Exercise goal ▸
Nothing in the data should change when you return it, but leave the pictures out.
[[ Source material, beginning ]]
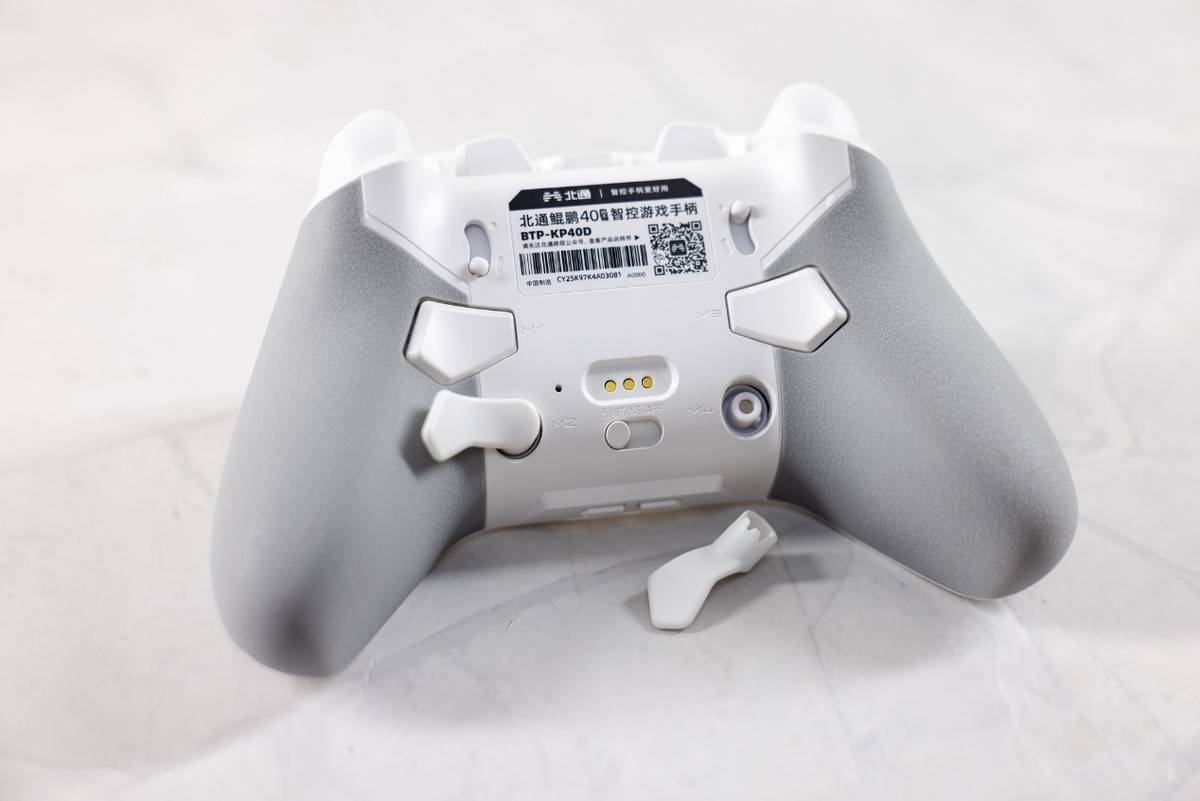 手感出色，AI加持功能更强，北通鲲鹏40御铠白游戏手柄体验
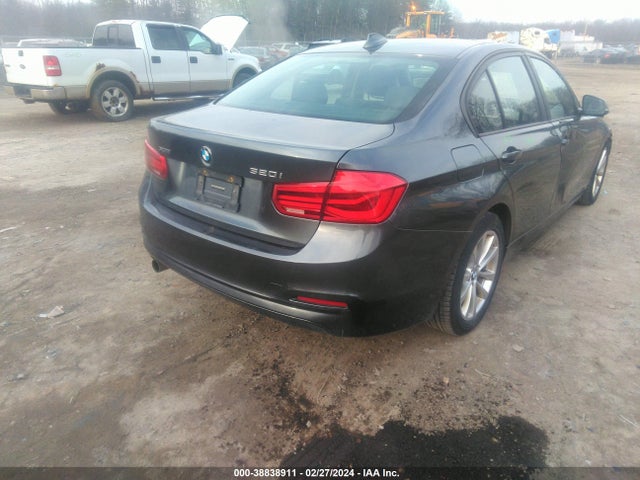 BMW 320i Xdrive 2017 WBA8E5G50HNU22283 Image 4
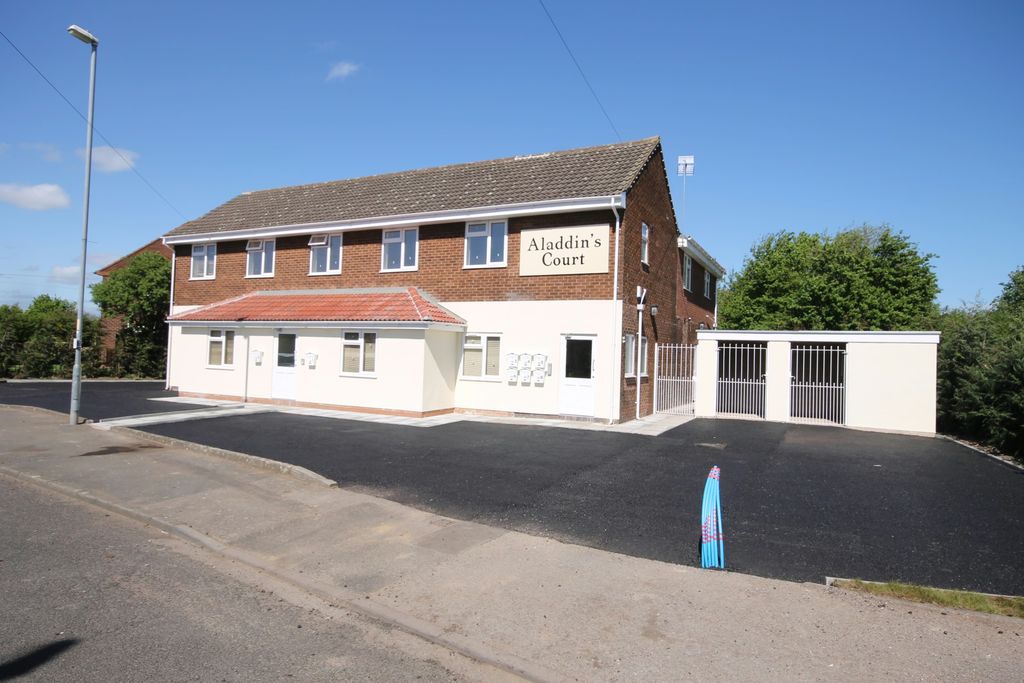 Property photo 1 of 1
[[ Source material, end ]]
Result for this task ▸
 手感出色，AI加持功能更强，北通鲲鹏40御铠白游戏手柄体验
 BMW 320i Xdrive 2017 WBA8E5G50HNU22283 Image 4
 Property photo 1 of 1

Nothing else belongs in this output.